As the movement transcended national boundaries, it found root in long-held frustrations at Oxford, while calls to decolonise the academy continue to abound through sister movements and campaigns across British universities. Although these movements encompass a multitude of aims and strategies, underpinning them is an attempt to disrupt historical amnesia around imperial legacies, connecting these issues to present-day inequalities. From Canada to Malaysia, Australia to the Netherlands, academic institutions are faced with the urgent need to redress historical injustices, confronting the politics of knowledge practices and the university's implicated position in reinforcing and reproducing colonial social constructions and hierarchies.
My research seeks to explore the meanings and implications of contemporary expressions of decolonial activism in South Africa and its spread to British universities. I believe that in order to tackle the pressing challenges of global inequalities, we need to start with an appreciation of how deep the roots of racism run: centuries of slavery, genocide, oppression and segregation have shaped the DNA of our societies. Rather than papering over the savageries that constitute the 'histories of the present', the decolonial turn1 is one where these legacies are interrogated, so that the structures, policies, imaginaries and conditions that sustain racial and gender inequity can be subverted.

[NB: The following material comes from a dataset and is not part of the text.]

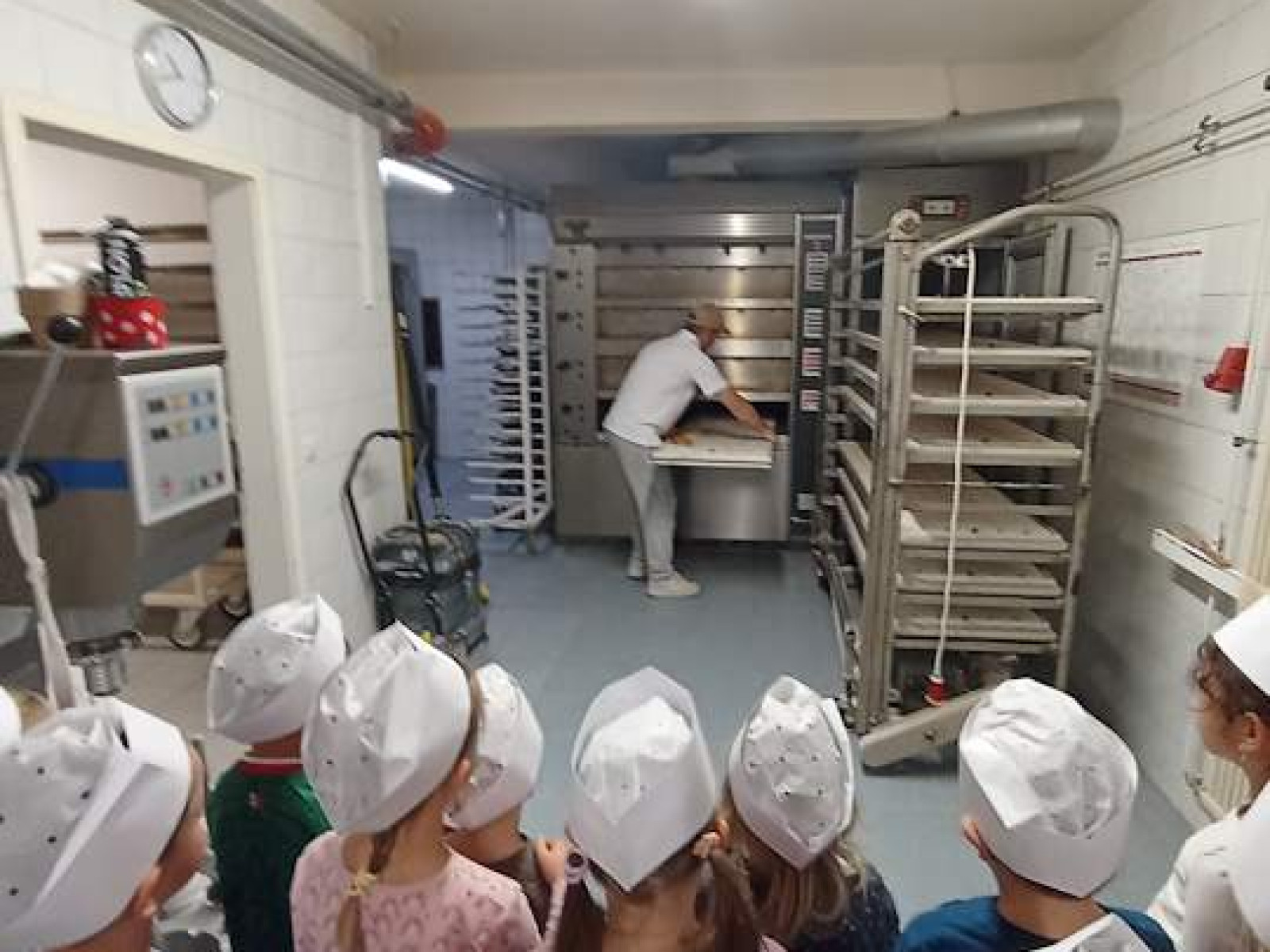 Kinder mit weißen Mützen schauen einem Bäcker in einer Bäckerei zu.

Higher education has a pivotal role to play in these transformative movements, signalled by the mandate taken up by universities throughout South Africa to decolonise the curriculum and instigate a process of transforming institutional and epistemological frameworks. In the UK, universities such as SOAS are making formal commitments to delivering a decolonising agenda.
I am honoured to have received a scholarship from the CSC in order to complete research on this topic. It is a particular honour to be connected with the work of the ACU and included in its Peace and Reconciliation Network, which brings universities together to discuss their role in addressing imperial legacies and historical injustices. My own history has been informed by a deep appreciation of the critical need for this work; South Africa's violent history of colonialism and apartheid has fostered a legacy of trauma that continues to impact society at every level. Indeed, the work of reconciliation remains 'unfinished business'; it is an ever-evolving project, taking a myriad of different forms across a diverse array of contexts. I hope to play a small part in this momentous task.
(1) Grosfoguel, Ramón. "The epistemic decolonial turn: Beyond political-economy paradigms." Cultural studies 21, no. 2-3 (2007): 211-223.